This option is the least formal ADR process and is nonbinding. It differs from settlement negotiations in that a mediator helps both sides reach a settlement. The mediator does not make any decision or give an opinion of the case; rather he/she carefully listens to the parties' positions and then by questioning, negotiating and generating options, helps the parties work out their own solution to their dispute. Any agreement reached can be made legally binding by putting it in writing and having the agreement signed by the parties and their attorneys. However, if a case does not settle in mediation, you are still free to proceed to trial.
Early Neutral Evaluation
An ENE evaluator is a private attorney with specialized expertise in a particular area of the law who meets with the parties early in the case process at a neutral location to hear both sides of the case.

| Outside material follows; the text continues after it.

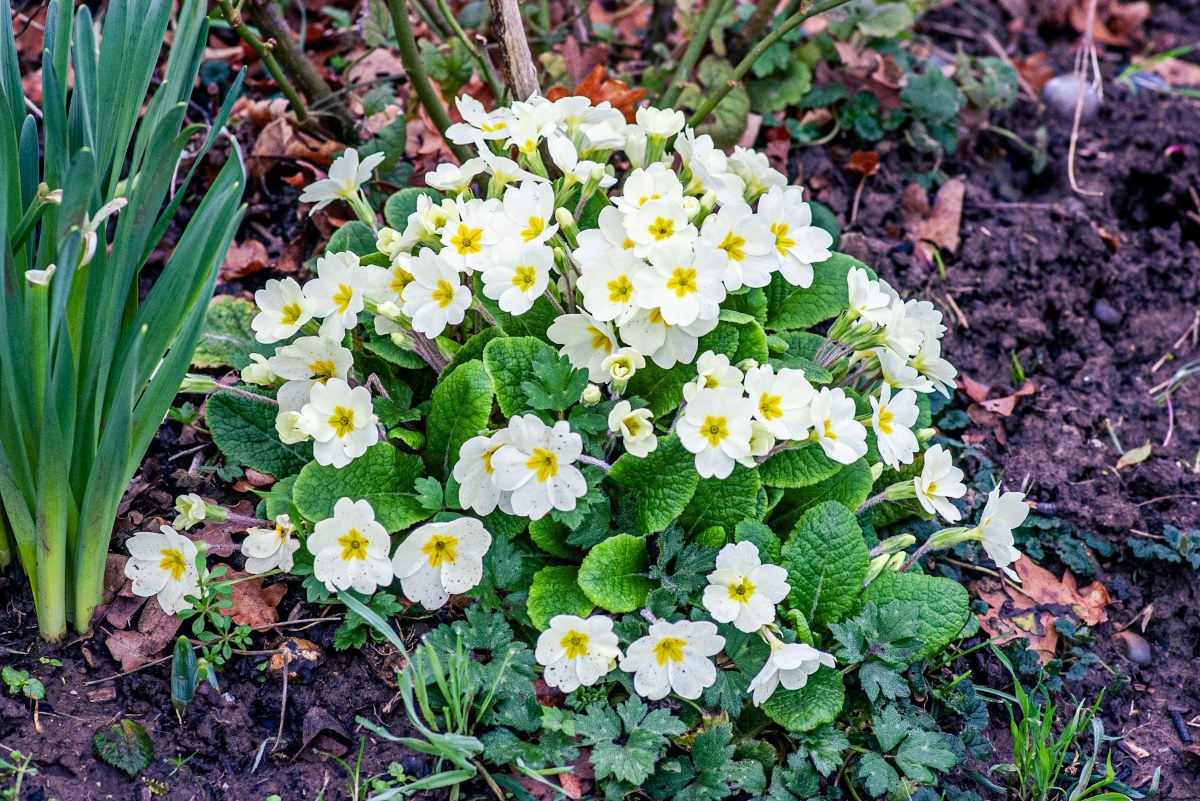 pierwiosnki jako kwiaty, które sadzimy w marcu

Prior to the meeting, the parties may be asked to provide the evaluator with a written evaluation statement. Counsel and parties must attend the session. After presentation by each side, the evaluator identifies the issues in dispute and assesses the strengths and weaknesses of each position. If there are settlement possibilities, the evaluator facilitates these discussions. If settlement is not possible, the evaluator may suggest additional meetings, offer to conduct further settlement negotiations, or suggest a discovery plan and stipulations.

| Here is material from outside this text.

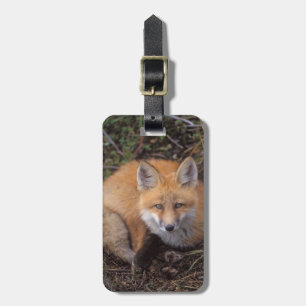 Etiqueta De Bagagem raposa-vermelha, Vulpes vulpes, em cores de outono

In a mini-trial the opposing attorneys present their best arguments to the top decision makers for the companies and/or governmental agencies involved in the dispute and to an impartial third party advisor. The advisor generally possesses expertise in a specific area. The parties may agree upon a summary or an abbreviated hearing. After the presentations, the decision makers meet (either with or without the third party advisor) to try to negotiate a settlement. Mini-trials are private, confidential and nonbinding. Mini-trials appear to work best where (1) there are a small number of parties and where expertise is needed, (2) one party overestimates the strength of its position, or (3) policy issues must be presented to decision makers.
Summary Jury Trials
In a summary jury trial, the attorneys present a summary of the evidence to a jury which then renders a verdict that is advisory only. The jurors are not told that their opinion is nonbinding until after the verdict is rendered. Attorneys may then question the jurors about their response to and reasoning concerning the issues and facts. A summary jury trial is usually completed in a day or less. In many cases, the jury's reaction to the case will influence the parties to negotiate a settlement and avoid an actual trial.